US visa fee hike can sour ties with India: US experts

"Regrettably, what might be good politics is bad policy for America," wrote Jacob F. Kirkegaard and Arvind Subramanian, senior fellows at the Peterson Institute for International Economics, in Foreign Policy magazine about the law to hike visa fees to raise $600 million to help secure the US-Mexico border. "It is unlikely to raise revenue, will inflict damage to American competitiveness, sour US relations with India, and above all send the wrong signals about US attitudes to open global markets," they say noting that the Congress's budget neutrality numbers simply don't add up.
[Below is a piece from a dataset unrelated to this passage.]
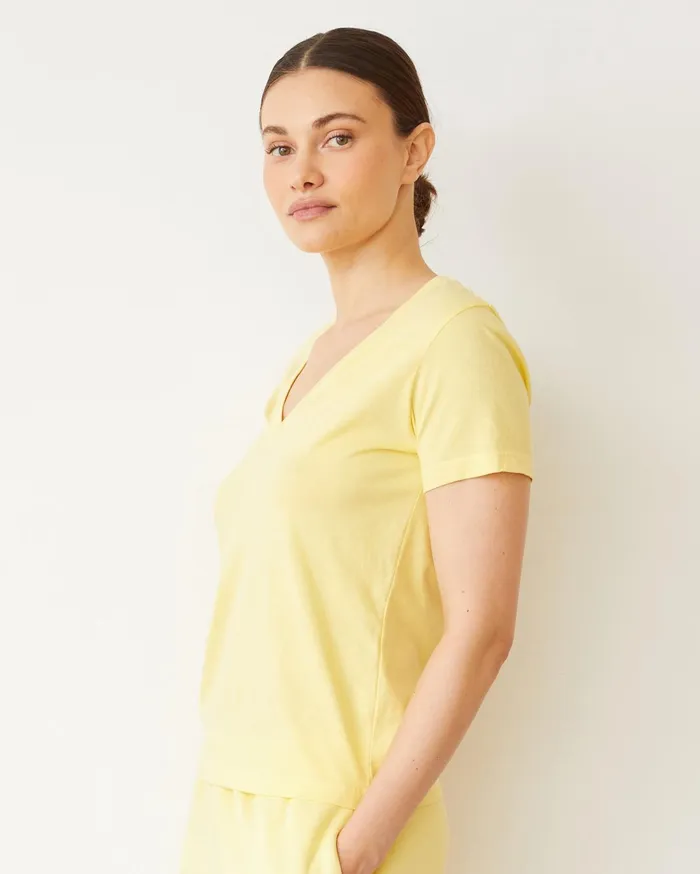 Women Tees MONROW Basic V Neck Lemon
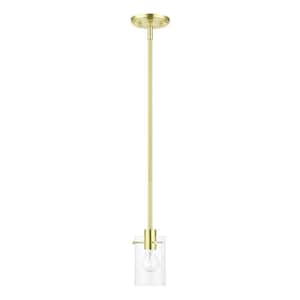 Munich 1-Light Satin Brass Single Mini Pendant with Clear Glass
"Without explicitly saying so, the law clearly targets India, home of the world's fastest growing IT services companies," the experts wrote noting Indians received about half of all H-1B and L-1 visas in 2009, and comprise most of the roughly 50 percent of all H-1B and L-1 recipients who work in computer-related occupations in the US. "Despite US President Barack Obama's endless declarations that the US-India 'strategic partnership will continue to grow', this is a direct snub to India's most powerful domestic advocates of economic liberalisation," Kirkegaard and Subramanian wrote. "The Obama administration should tread carefully. If India shifts its economic orientation away from the United States, the costs would far outweigh any of the political benefits or fiscal revenue from this visa fee policy," they wrote. "India could choose to retaliate by buying more Airbus planes from Europe, importing more cars from Japan, or moving toward a trade agreement with the European Union that discriminates against US exporters," the experts warned. "So when Obama lands in New Delhi on his upcoming trip this fall, he could find himself in the middle of an ugly trade skirmish with a rising Asian superpower."

The new law calls for fees for the H-1B and L-1 immigrant visas to increase by $2,000 and $2,250 respectively for companies with 50 or more employees in the US - if more than half of the company's employees are on H-1B or L-1 visas. This provision effectively doubles the existing total government fees for the affected companies, predominantly Indian IT services firms. The government's annual revenues are expected to rise to roughly $135 million, based on about 65,000 H-1B and L-1 visas issued annually. "In anti-immigration fantasy land, where the US labour market is perceived to be overrun by hundreds of thousands of cheap, high-skilled Indian workers, such a fee might seem like a plausible cash cow," Kirkegaard and Subramanian wrote. "But the real world of the US labour market in 2010 looks very different." Demand for high-skilled visas is extremely volatile, rising dramatically in times of high growth and slumping during recessions, they said. According to their calculations, based on data for fiscal year 2009, the actual demand for high-skilled H-1B and L-1 visas in a relatively sluggish economy will be about 20,000 visas, which is far below the target of 65,000.